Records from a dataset
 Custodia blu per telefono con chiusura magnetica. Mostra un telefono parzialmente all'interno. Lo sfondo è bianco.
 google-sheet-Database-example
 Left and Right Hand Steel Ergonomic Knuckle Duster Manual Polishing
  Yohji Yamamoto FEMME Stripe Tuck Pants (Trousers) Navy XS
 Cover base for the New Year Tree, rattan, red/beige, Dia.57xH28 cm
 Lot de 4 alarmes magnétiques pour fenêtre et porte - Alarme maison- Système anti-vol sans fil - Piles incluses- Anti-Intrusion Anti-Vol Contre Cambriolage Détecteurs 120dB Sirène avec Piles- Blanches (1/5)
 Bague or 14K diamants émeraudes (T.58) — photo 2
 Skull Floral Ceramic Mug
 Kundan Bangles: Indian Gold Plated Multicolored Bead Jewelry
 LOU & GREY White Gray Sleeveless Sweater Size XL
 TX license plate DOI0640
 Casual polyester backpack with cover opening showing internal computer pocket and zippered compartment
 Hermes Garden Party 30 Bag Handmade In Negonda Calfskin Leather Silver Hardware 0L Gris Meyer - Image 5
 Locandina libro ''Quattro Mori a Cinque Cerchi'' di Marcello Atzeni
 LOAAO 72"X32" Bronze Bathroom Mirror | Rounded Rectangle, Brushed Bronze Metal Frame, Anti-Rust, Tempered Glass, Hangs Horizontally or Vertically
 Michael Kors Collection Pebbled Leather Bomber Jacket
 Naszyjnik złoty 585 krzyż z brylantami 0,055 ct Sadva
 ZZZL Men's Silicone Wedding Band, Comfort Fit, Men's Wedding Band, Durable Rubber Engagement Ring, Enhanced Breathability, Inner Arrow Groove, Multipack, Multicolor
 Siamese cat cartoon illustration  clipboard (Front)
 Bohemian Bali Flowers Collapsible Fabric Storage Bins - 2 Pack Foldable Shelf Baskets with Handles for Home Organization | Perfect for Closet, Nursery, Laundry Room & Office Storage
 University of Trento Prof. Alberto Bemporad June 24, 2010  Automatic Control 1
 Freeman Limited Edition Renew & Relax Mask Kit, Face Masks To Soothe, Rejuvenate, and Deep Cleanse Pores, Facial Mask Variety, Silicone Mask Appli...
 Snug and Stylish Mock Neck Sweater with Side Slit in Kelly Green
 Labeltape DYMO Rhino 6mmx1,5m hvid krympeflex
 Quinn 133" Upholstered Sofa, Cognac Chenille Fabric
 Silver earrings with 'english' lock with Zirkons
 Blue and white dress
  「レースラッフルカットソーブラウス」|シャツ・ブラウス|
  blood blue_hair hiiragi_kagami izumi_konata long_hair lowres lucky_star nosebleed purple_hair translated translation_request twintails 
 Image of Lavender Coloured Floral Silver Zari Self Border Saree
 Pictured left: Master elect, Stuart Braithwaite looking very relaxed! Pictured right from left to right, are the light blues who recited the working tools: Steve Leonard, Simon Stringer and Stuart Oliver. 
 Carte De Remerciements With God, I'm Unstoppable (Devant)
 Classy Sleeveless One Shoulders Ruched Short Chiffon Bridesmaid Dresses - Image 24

### What you are asked to do
Above are the records; repeat exactly the lines from the one holding "Locandina libro ''Quattro" down to the one holding "Siamese cat cartoon", end lines included.

### Response to the exercise
 Locandina libro ''Quattro Mori a Cinque Cerchi'' di Marcello Atzeni
 LOAAO 72"X32" Bronze Bathroom Mirror | Rounded Rectangle, Brushed Bronze Metal Frame, Anti-Rust, Tempered Glass, Hangs Horizontally or Vertically
 Michael Kors Collection Pebbled Leather Bomber Jacket
 Naszyjnik złoty 585 krzyż z brylantami 0,055 ct Sadva
 ZZZL Men's Silicone Wedding Band, Comfort Fit, Men's Wedding Band, Durable Rubber Engagement Ring, Enhanced Breathability, Inner Arrow Groove, Multipack, Multicolor
 Siamese cat cartoon illustration  clipboard (Front)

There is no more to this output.